The accident crystallized anti-nuclear safety concerns among activists and the general public, resulted in new regulations for the nuclear industry. It has been cited as a contributor to the decline of a new reactor construction program, a slowdown, underway in the 1970s; the partial meltdown resulted in the release of radioactive gases and radioactive iodine into the environment. Anti-nuclear movement activists expressed worries about regional health effects from the accident. However, epidemiological studies analyzing the rate of cancer in and around the area since the accident determined there was a small statistically non-significant increase in the rate and thus no causal connection linking the accident with these cancers has been substantiated. Cleanup started in August 1979, ended in December 1993, with a total cleanup cost of about $1 billion. In the night time hours preceding the incident, the TMI-2 reactor was running at 97% power, while the companion TMI-1 reactor was shut down for refueling.

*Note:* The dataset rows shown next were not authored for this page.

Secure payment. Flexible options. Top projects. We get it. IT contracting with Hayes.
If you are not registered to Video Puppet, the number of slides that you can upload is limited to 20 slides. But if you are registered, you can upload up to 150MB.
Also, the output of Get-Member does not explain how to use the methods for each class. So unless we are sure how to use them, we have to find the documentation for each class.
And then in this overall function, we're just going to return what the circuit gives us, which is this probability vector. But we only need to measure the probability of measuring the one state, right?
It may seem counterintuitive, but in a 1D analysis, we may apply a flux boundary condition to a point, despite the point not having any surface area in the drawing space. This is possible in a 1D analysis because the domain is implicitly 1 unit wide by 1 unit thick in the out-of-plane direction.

The main chain of events leading to the partial core meltdown at 4:37 am EST on March 28, 1979, began in TMI-2's secondary loop, one of the three main water/steam loops in a pressurized water reactor. The initial cause of the accident happened eleven hours earlier, during an attempt by operators to fix a blockage in one of the eight condensate polishers, the sophisticated filters cleaning the secondary loop water; these filters are designed to stop minerals and impurities in the water from accumulating in the steam generators and increasing corrosion rates in the secondary side. Blockages are common with these resin filters and are fixed but in this case the usual method of forcing the stuck resin out with compressed air did not succeed; the operators decided to blow the compressed air into the water and let the force of the water clear the resin. When they forced the resin out, a small amount of water forced its way past a stuck-open check valve and found its way into an instrument air line.

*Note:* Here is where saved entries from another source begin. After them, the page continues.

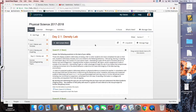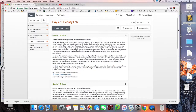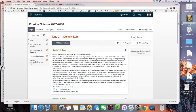Hi Science Gurus, this is Dr. White. I'm sorry I couldn't be here today but I want to take you through how to look at your data using Logger Pro.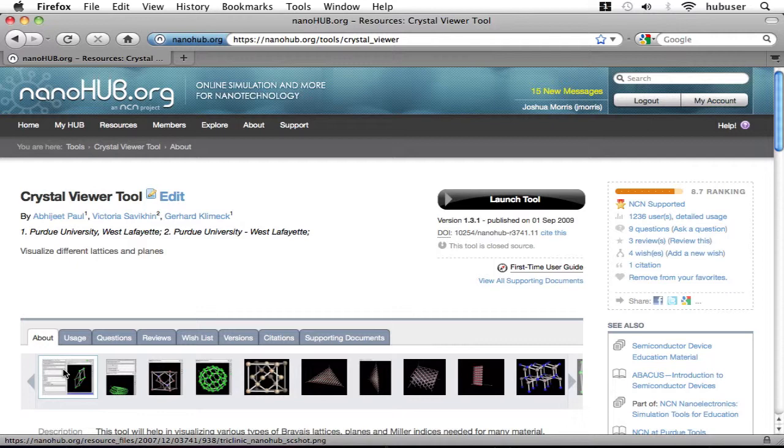Check out usage, questions, reviews, and all the other information. It's very interesting. Thanks for watching.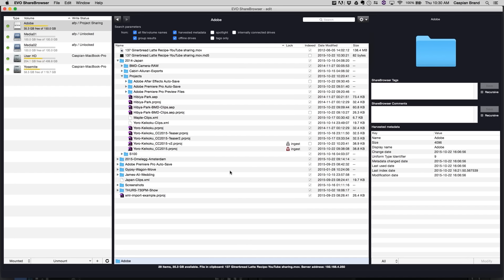This is really important because more and more networks are going to the requirement of having an MD5 log associated with a deliverable. Discovery Networks is probably the most famous for it. They want it on an LTO tape, and they want it with an MD5 checksum verification so that they can verify the file when they receive it that it is in its original form. So this is going to allow you to have everything at your fingertips and do it from one interface without having to bounce to multiple windows.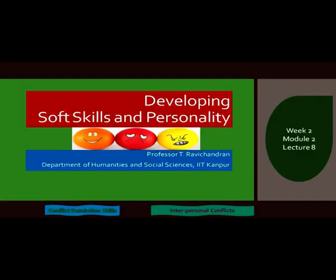Hi, hello everyone. Welcome back to my course on Developing Soft Skills and Personality. I am Ravichandran from IIT Kanpur. This is part of the NPTEL MOOC project on giving courses to all students.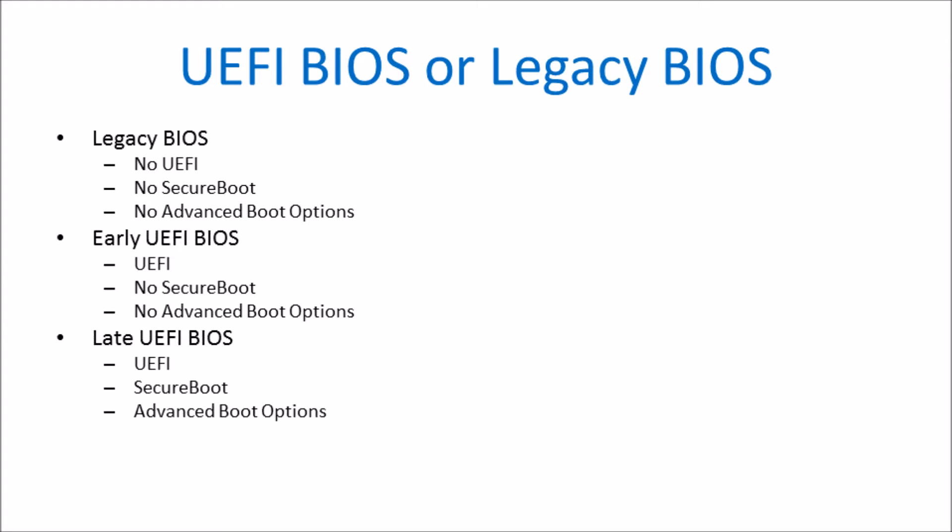The legacy BIOS has no UEFI support or UEFI associated technologies. The early UEFI BIOS has UEFI support but it doesn't support secure boot and hence has no advanced boot options.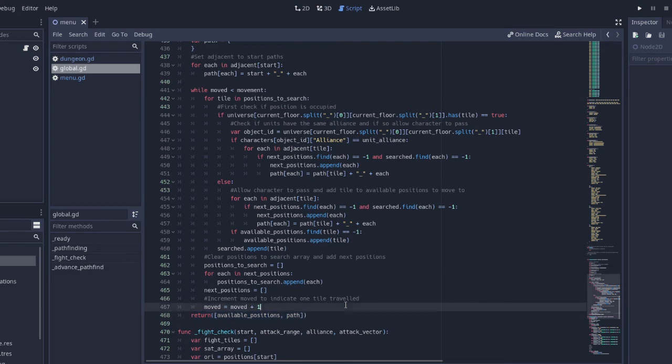Once the player has selected their chosen position, another piece of code guides the sprite along the path. And we're done.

This would cause the feedwater pumps, condensate booster pumps, condensate pumps to turn off around 4:00 am, which would in turn cause a turbine trip. As the steam generators were no longer receiving feedwater and pressure increased in the reactor coolant system, causing the reactor to perform an emergency shutdown. Within eight seconds, control rods were inserted into the core to halt the nuclear chain reaction; however the reactor continued to generate decay heat, because steam was no longer being used by the turbine, heat was no longer being removed from the reactor's primary water loop. Once the secondary feedwater pumps stopped, three auxiliary pumps activated automatically. However, because the valves had been closed for routine maintenance, the system was unable to pump any water; the closure of these valves was a violation of a key Nuclear Regulatory Commission rule, according to which the reactor must be shut down if all auxiliary feed pumps are closed for maintenance. This was singled out by NRC officials as a key failure.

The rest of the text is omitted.